The film progresses through a collection of events – some humorous and sweet, others troubling and complex – which culminate in the final sequence, an expressionistic musical number in which our protagonist Pam (Gabrielle Shornegg) is joined by Gloria (Marina Knight) and Stella (Geraldine Haywood) to perform a haunting song entitled “I Feel the Cold”. The motif of “cold” runs through the entire film, with recurring references to heaters as a way for Campion to play gently with the subtext that she explores in this final sequence.

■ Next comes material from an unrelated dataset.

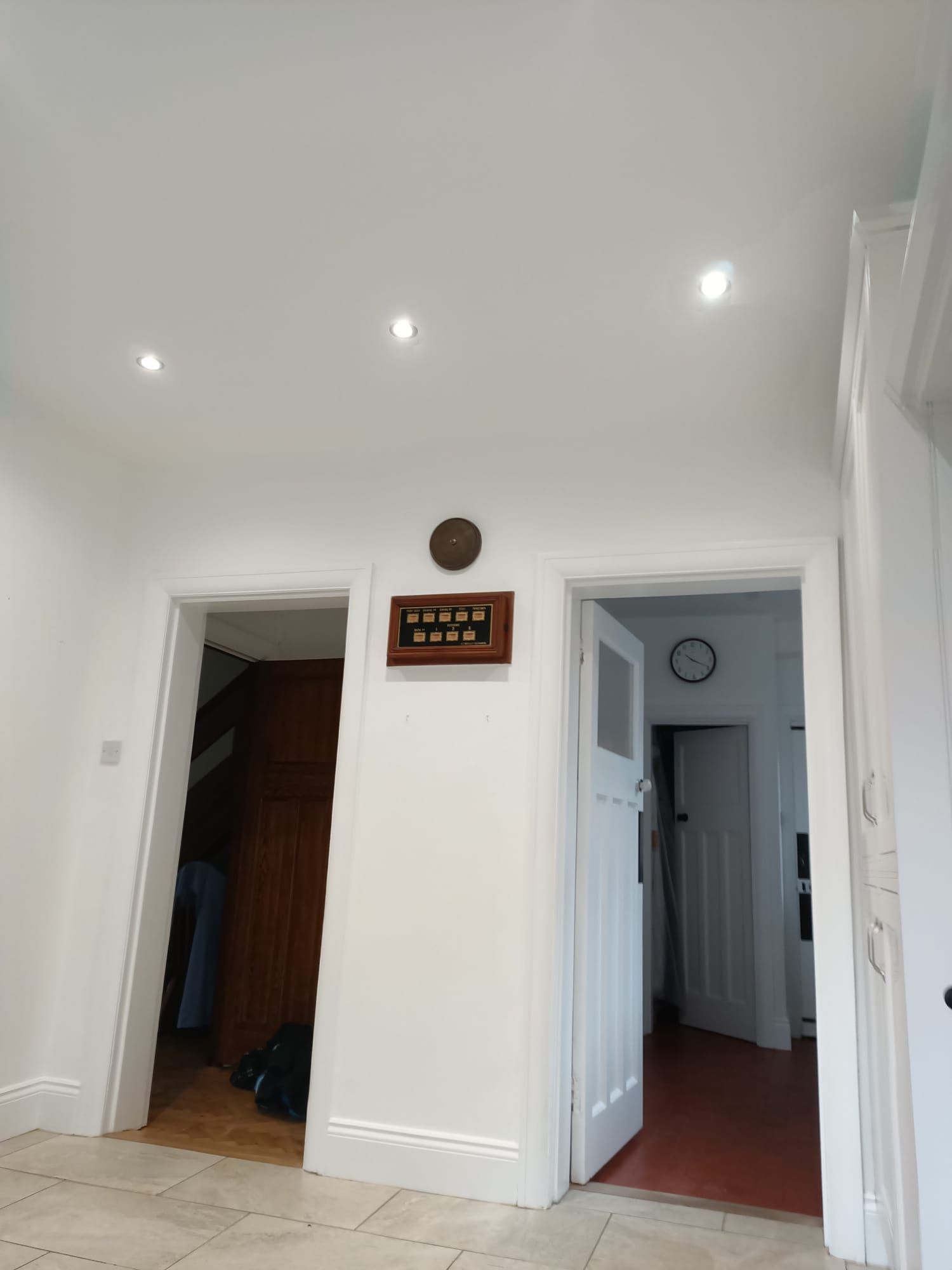 A hallway with two doors and a clock on the wall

The sequence begins with Pam ascending the staircase in her house, escaping the distressing behaviour of her parents below, who are absorbed in a lustful embrace following a heated argument. When Pam reaches the top of the stairs, she stands in a doorway, dressed in a loose white nightgown that billows in an unheard wind. She begins to sing the refrain “I feel the cold” while images of ice-skating are projected over her body. She is joined by Gloria and Stella, dressed in white singlets, all three girls standing in ominous darkness while they sing. The sequence continues with images of each girl eerily waving her hands in front of an offscreen heater, their eyes sad and lost. At one point, the choral refrain subsides whilst Pam performs (in voice-over) a spoken word interlude. In a hushed voice, she asks “Will I melt away?”. As Pam’s spoken words are uttered, we are presented with shots of a man’s hand running along Pam’s arms and legs inter-cut with tight close-ups of Pam’s face, wary and frightened, as her voice-over continues: “It feels cold, this warmth.” These images, together with Pam’s voice-over, stitch together the conceptual fabric of young female sexuality and Pam’s carnal fears that underpin this haunting moment. The sequence concludes with the girls seated next to small heaters on a tiled floor, while the final lyric (“I want melt away”) is repeated ominously.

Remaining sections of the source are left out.